Saturday, May 16, 2009

99 - Movie Review

99's credits have been shot slickly, and watching them you settle back into your seat. You expect the movie to be aimed at you, and it is.

Kunal Khemu and Cyrus Broacha are friends who make fake simcards. The movie is set in 1999 when mobile phones were expensive and incoming wasn't free.

They overplay their hand and one of their customers leads the police to them.

As they flee, they steal a Mercedes-Benz, but cannot steer it and crash. The car belongs to Mahesh Manjrekar, a thug and a bookmaker. He tells the boys they must work for him to pay off their debt.

Boman Irani is a gambler in Delhi who thinks luck communicates with him through worldly signals.

His character reveals itself at a conference table in Bombay, when a cricket match is on in the next room. Irani's itching to bet but needs fortune to tell him she's on his side.

He asks her if he should punt.

If, he tells himself, that marker that's rolling across the table doesn't fall, the waiter unmindful of the wire drawn across from the wall doesn't trip, and the colleague who's unconsciously unwrapping the label from a used mineral water bottle does so without the label tearing in two, if all these three things happen, it's an unambiguous 'yes' from fortune.

They do: the marker's caught as it slides off the edge; the waiter steps over the wire; the wrapper comes off clean.
Boman goes to a bookmaker's shop and runs into Mahesh Manjrekar.

He wants to put Rs 4 lakh, on India (in 1999!), but is told that's not a big enough bet. It's Rs 20 lakh or nothing. He gambles, he loses.
Irani is one of Bollywood's two best actors. He's convincing in all he does and has been well cast in 99. He plays the man who must convince the world he has life under control when he's holding on by his fingernails.

Like some gamblers, he believes he can turn it around with his next punt.

That gives him hope, and the courage to take on the disappointment of his wife, who's left him, and the wrath of his creditors. You can see his desperation behind his mask. That makes him a terrific actor.

99's writing has an easy pace and it is lucid. The dialogue is urbane and keeps you focussed on the action.

Vinod Khanna (also a punter) and Boman are talking, when a cricket match about to be played later that day comes up. Does he have a tip, asks Boman. Tips are for waiters, says Khanna, not punters.

Manjrekar sends Khemu and Broacha to Delhi to recover from Irani. Staying in a five-star hotel, on Manjrekar's credit card, Khemu falls in love with the hotel's duty manager, Soha Ali Khan.

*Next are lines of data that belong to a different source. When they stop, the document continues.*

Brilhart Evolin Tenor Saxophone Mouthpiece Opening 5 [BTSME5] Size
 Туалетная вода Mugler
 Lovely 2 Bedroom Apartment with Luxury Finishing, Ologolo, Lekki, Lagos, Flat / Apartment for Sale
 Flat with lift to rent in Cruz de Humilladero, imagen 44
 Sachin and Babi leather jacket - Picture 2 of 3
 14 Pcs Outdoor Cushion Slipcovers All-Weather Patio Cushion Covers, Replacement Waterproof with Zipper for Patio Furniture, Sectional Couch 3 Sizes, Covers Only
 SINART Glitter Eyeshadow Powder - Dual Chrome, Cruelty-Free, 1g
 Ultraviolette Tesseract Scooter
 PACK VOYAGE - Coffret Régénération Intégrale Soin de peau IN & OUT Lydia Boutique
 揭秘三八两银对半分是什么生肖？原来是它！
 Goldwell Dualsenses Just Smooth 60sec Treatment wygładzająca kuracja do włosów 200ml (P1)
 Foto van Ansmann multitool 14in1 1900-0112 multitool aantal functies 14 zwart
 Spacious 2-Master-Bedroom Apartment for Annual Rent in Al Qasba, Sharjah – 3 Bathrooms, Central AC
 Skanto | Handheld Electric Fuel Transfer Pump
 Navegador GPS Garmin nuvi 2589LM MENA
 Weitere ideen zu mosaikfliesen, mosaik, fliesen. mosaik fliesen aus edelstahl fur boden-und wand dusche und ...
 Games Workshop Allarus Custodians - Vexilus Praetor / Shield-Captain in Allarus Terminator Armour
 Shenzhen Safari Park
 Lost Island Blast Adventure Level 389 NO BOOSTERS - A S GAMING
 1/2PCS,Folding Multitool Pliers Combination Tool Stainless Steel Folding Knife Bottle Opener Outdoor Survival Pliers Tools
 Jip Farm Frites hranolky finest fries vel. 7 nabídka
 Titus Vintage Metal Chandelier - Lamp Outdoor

Boman works in a currency exchange firm and a client drops off $50,000 to be changed.

Boman is tempted to gamble with the money and hides it in his briefcase. The boys find it on a visit to his office, and take it from him. But it's stolen from them as well and the movie then spins into its long climax. Will the boys get the money back? Will Boman pull his life back together? Will Manjrekar let the boys go? Will Khemu bag Soha?

That's what you should watch the movie for: how all of this falls into place.

99 has some excellent performances.

There's a lovely role by Boman's rather short moneylender, who, having come to collect, takes Boman's phone and has a conversation with Boman's wife.

Mahesh Manjrekar is first rate. It's a wonder his presence in Slumdog wasn't noticed as much as, say, Anil Kapoor's was, because certainly he was better in the movie.

In 99, he tramples underfoot all the actors about him, especially in the first half, when he's up against only Khemu and Broacha.

His scenes as the slightly off-centre and short-tempered thug are delightful.

Vinod Khanna in his short role is effortless. He's put on a lot of weight and his once-rocklike face is now uncle-y soft. His eyes have become slits because of the fat on his cheeks. But he shows us the experience of his 35 years in acting.

If there is a problem with the movie, it is that a star is missing.

Kunal Kemu is lean and muscled, but he doesn't fill the screen. In the scenes he has to himself, there is a space that's vacant.

Soha Ali Khan is not as luminous as she was in Rang De Basanti. She's pleasant as she always is, because of her understated acting, but physically she looks wan.

Go watch 99. It's a good reason to get back into multiplexes again.